In some implementations, the workload descriptor contains an element that specifies other workloads that must complete before the workload associated with this descriptor can complete—that is, this workload depends on one or more other workloads. In such cases, the system can determine whether all such workloads have completed. If so, the workload associated with the workload descriptor is ready to execute; otherwise, the workload is not ready to execute.
In response to determining (330) that the workload descriptor is ready to execute, the system proceeds to operation 340; in response to determining (330) that the workload descriptor is not ready to execute, the system proceeds to operation 350.
The system assigns (340) the descriptor to a ready-to-execute workload category. In some implementations, the system can move the workload descriptor from the category selected in operation 310 and to category with identical categories criteria plus a criterion that specifies that the workload is ready to execute. If such a category does not exist, the system can create one.
The system assigns (350) the descriptor to a not-ready-to-execute workload category. In some implementations, the system can move the workload descriptor from the category selected in operation 310 and to category with identical categories criteria plus a criterion that specifies that the workload is not ready to execute. If such a category does not exist, the system can create one.
If the system determines (360) that there are additional workload descriptors to evaluate in the category, the system returns to operation 320. If the system determines (360) that there are no additional workload descriptors to evaluate, the system proceeds to operation 362.
The system can select a category (362) and select (365) a workload descriptor from the category using operations analogous to operations 310 and 320. In this example, the category can be the ready-to-execute category described above.
The system determines (370) whether the workload descriptor represents a workload that is high priority. As described above, in some implementations, the workload descriptor contains an element that specifies whether a workload is high priority. In such cases, the system makes the determination based on that element.

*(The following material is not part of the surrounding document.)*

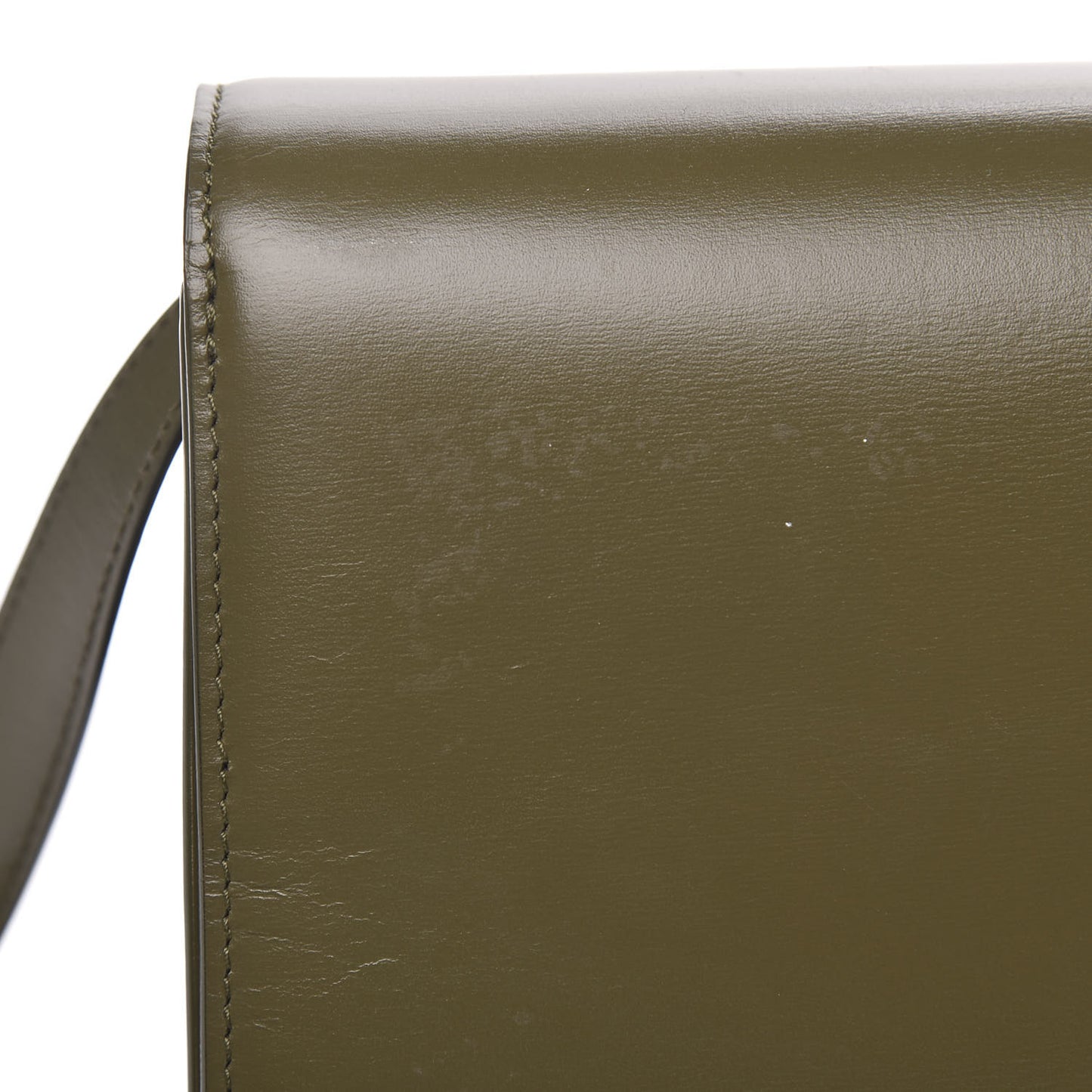 Box Calfskin Medium Classic Box Flap Bag Army Green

In response to determining (370) that the workload descriptor is high priority, the system proceeds to operation 375; in response to determining (370) that the workload descriptor is normal priority, the system proceeds to operation 377.
The system assigns (375) the descriptor to a high priority workload category. In some implementations, the system can move the workload descriptor from the category selected in operation 362 and to category with identical categories criteria plus a criterion that specifies that the workload is high priority. If such a category does not exist, the system can create one.
The system assigns (377) the descriptor to a normal priority workload category. In some implementations, the system can move the workload descriptor from the category selected in operation 362 and to category with identical categories criteria plus a criterion that specifies that the workload is normal priority. If such a category does not exist, the system can create one.
If the system determines (380) that there are additional workload descriptors to evaluate in the category, the system returns to operation 365. If the system determines (380) that there are no additional workload descriptors to evaluate, the system proceeds to operation 399 and terminates.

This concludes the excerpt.